Ingredients
8 servings
- •1 teaspoon vegetable oil
- •1 (4 pound) pork shoulder roast
- •1 cup barbeque sauce
- •0.5 cup apple cider vinegar
- •0.5 cup chicken broth
- •0.25 cup light brown sugar
- •1 tablespoon prepared yellow mustard
- •1 tablespoon Worcestershire sauce
- •1 tablespoon chili powder
- •1 extra large onion, chopped
- •2 large cloves garlic, crushed
- •1.5 teaspoons dried thyme
- •8 hamburger buns, split
- •2 tablespoons butter, or as needed
Instructions
- Pour vegetable oil into the bottom of a slow cooker. Place pork roast into the slow cooker; pour in barbeque sauce, vinegar, and chicken broth.
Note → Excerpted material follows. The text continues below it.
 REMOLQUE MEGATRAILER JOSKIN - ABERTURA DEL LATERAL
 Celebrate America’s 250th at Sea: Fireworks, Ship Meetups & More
Stir in brown sugar, yellow mustard, Worcestershire sauce, chili powder, onion, garlic, and thyme. Cover and cook on Low for 10 to 12 hours or High for 5 to 6 hours until pork shreds easily with a fork.
- Remove pork from the slow cooker, and shred the meat using two forks. Return shredded pork to the slow cooker, and stir to combine with juices.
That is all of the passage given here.